Furthermore, it is well-known that in the development of children, being confronted with a certain amount of unfriendly behaviors in their surroundings is essential for developing a child’s character. By experiencing the consequences of bad behavior in other humans, the child realizes that it may be better not to behave in a bad manner and subsequently develops virtues (see, for example, von Tetzchner, 2005, chaps. 16, 17, 20). In other words, the child unconsciously might think, “I do not want to behave in this or that way.” Of course, this only holds to a certain, very limited extent; a child should obviously not grow up with an excessive amount of unfriendliness or morally harmful behavior in his/her surroundings. This example suggests that it would be essential to make distinctions between stages of the moral development of humans interacting with an AI.

Thus, while it is correct in this case that interaction with Non-Friendly AI or Slave AI could result in, for example, children becoming less morally sensitive, this does not necessarily depend on the use of Slave AI or Non-Friendly AI. Possible habitual effects of interaction with AI cannot necessarily be averted by introducing Friendly AI instead of, for example, ‘neutral’ AI.

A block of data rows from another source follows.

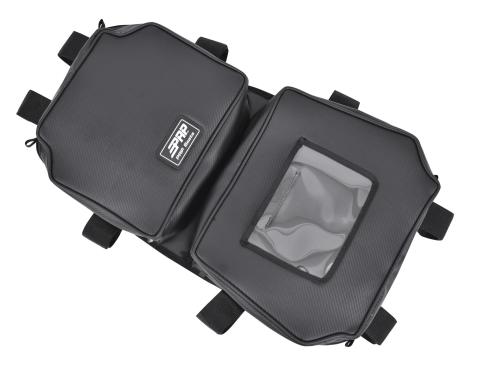 Overhead Bag for Can-Am Maverick X3 Black PRP Seats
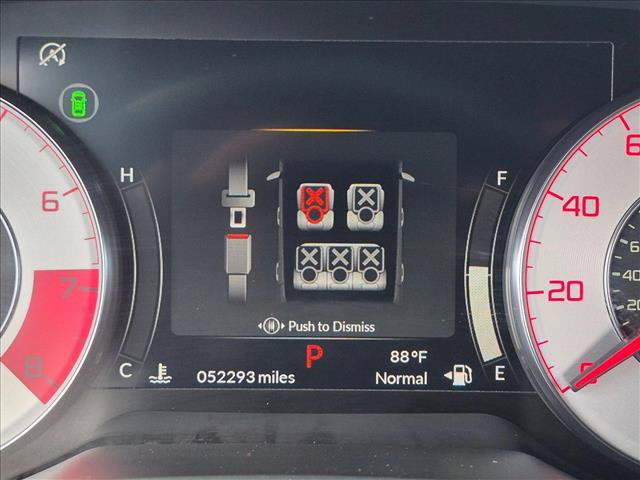 Certified 2023 Acura RDX w/ Advance Package FWD image 10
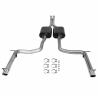 Flowmaster | American Thunder Cat-Back Exhaust System - 300 / Charger R/T V8 5.7L Flowmaster Cat-Back Exhausts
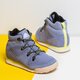 Gyerek téli cipők ADIDAS SNOWPITCH K fz2604 szín: lila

Similar issues occur concerning the second case (A2), in which Friendly AI is claimed not to actively undermine the development of virtue. Indeed, if, as in (1a) and (1b), the interacting humans are not in a significant process of developing their virtues or characters, then (A2) would obviously be true. However, then the alleged positive effects of Friendly AI are trivial. In the more interesting and presumably more relevant case (2) in which the interacting humans are in a process of development with respect to their virtues, such as a child or an adolescent, the situation is again not clear. Although it may matter that Friendly AI is friendly, in parallel to the first case, the mere fact and realization that the AI is a machine may lead to unexpected negative behavior. Consider the caretaking Friendly AI from the previous example. Again a child taken are of may learn and develop the habit to misbehave while interacting with the AI simply because the AI is a machine and independent of the fact whether the machine is a Friendly AI or not. To be sure, one could argue that this does not actively undermine the development of virtue. However, suppose it is correct that the mere fact and realization that the AI is a machine may lead to unexpected negative behavior. In that case, it is reasonable to think that the AI nevertheless is actively undermining by ‘being’ an AI, although not necessarily by its proposed friendliness.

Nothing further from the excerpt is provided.